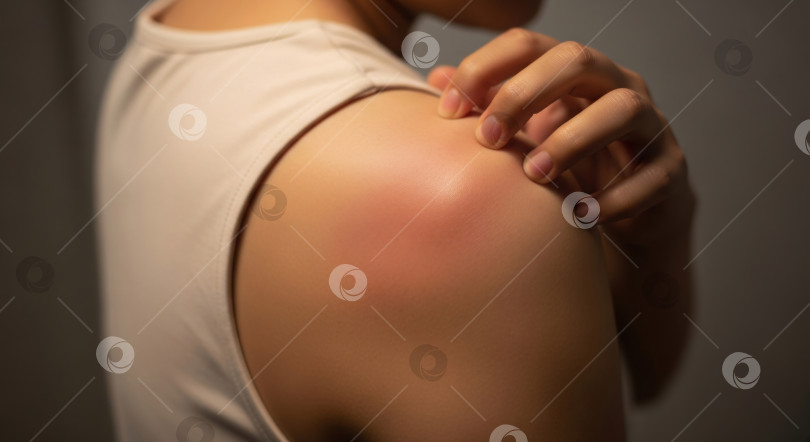 Скачать Девушка чешет раздраженную кожу на плече. Шаблон баннера с изображением осложнения диабета фотосток Ozero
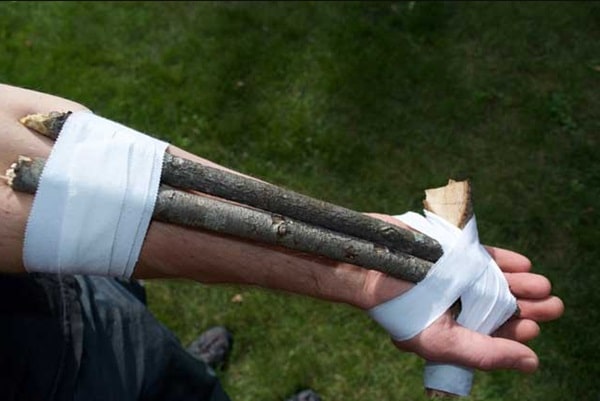 Make Shift Splint
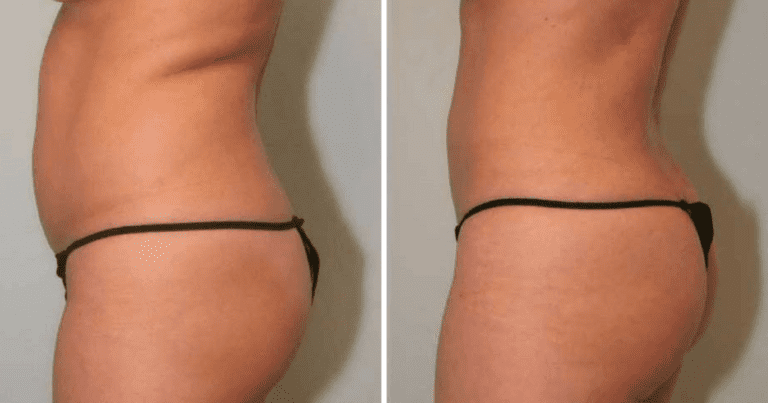 SmartLipo™ Results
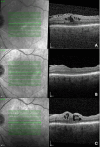 Fig. 3
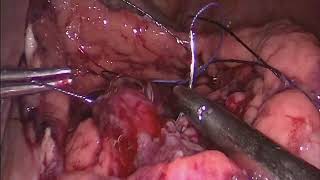 Laparoscopic Cysto Gastrostomy for Pseudocyst Pancreas [upl. by Lotson]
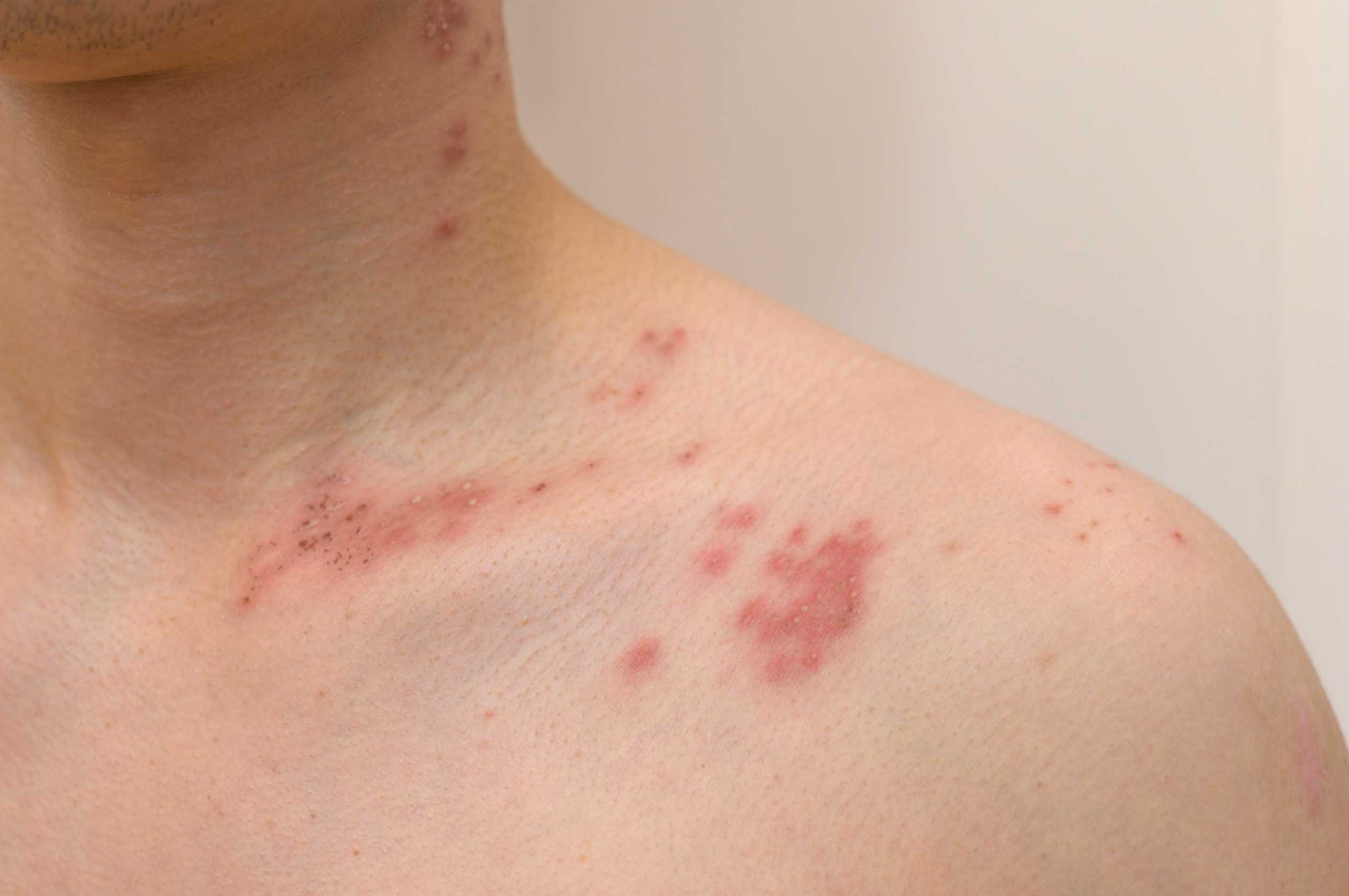 First-signs-of-shingles-and-vaccine-benefits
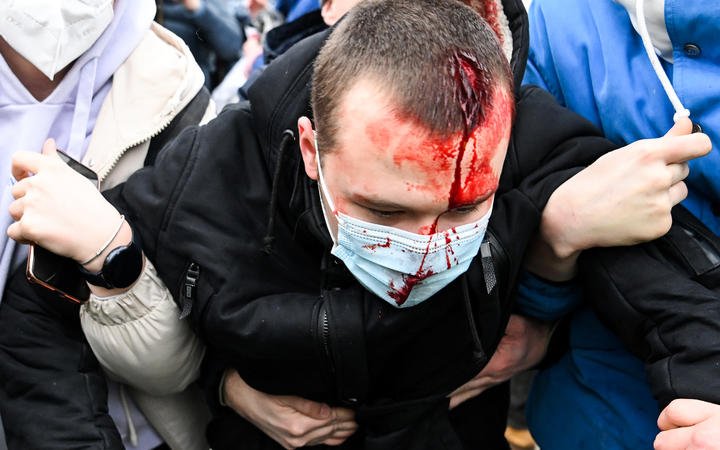 An injured man is helped by other protesters during a rally in support of jailed opposition leader Alexei Navalny in downtown Moscow on January 23, 2021. -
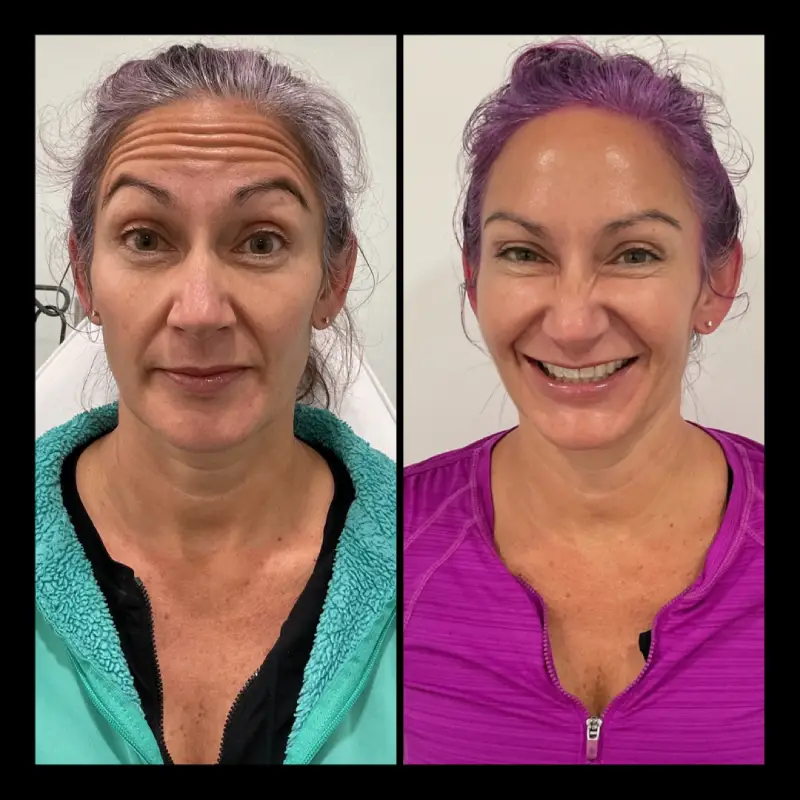 Botox and Dysport in Ventura, CA | IWH Med Spa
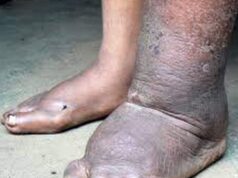 हात्तीपाइलेका बिरामी भेटिएपछि लमजुङमा औषधि वितरण अभियान सुरु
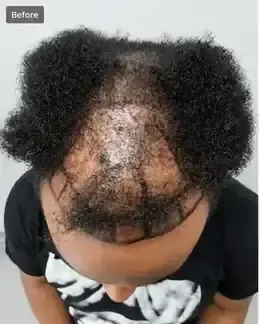 Before crown FUE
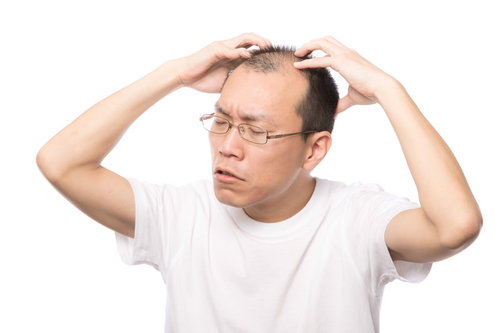セルフ頭皮マッサージをする男性の薄毛対策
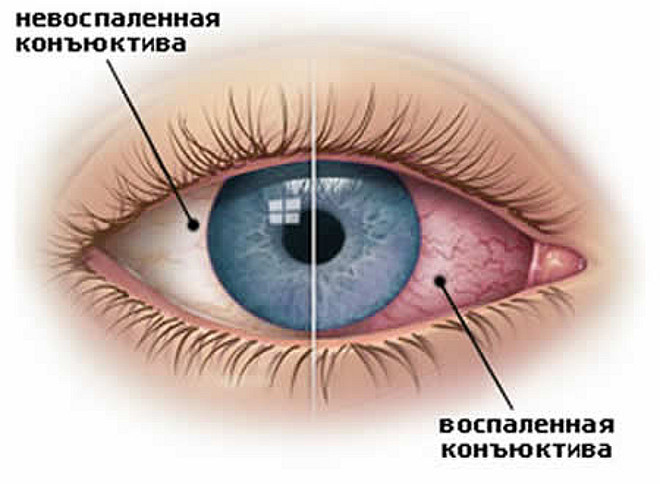 Inflamação dos olhos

Task brief:
A faithful transcription of the material, with no pictures, is the expected result.

Exercise response:
 Скачать Девушка чешет раздраженную кожу на плече. Шаблон баннера с изображением осложнения диабета фотосток Ozero
 Make Shift Splint
 SmartLipo™ Results
 Fig. 3
 Laparoscopic Cysto Gastrostomy for Pseudocyst Pancreas [upl. by Lotson]
 First-signs-of-shingles-and-vaccine-benefits
 An injured man is helped by other protesters during a rally in support of jailed opposition leader Alexei Navalny in downtown Moscow on January 23, 2021. -
 Botox and Dysport in Ventura, CA | IWH Med Spa
 हात्तीपाइलेका बिरामी भेटिएपछि लमजुङमा औषधि वितरण अभियान सुरु
 Before crown FUE
セルフ頭皮マッサージをする男性の薄毛対策
 Inflamação dos olhos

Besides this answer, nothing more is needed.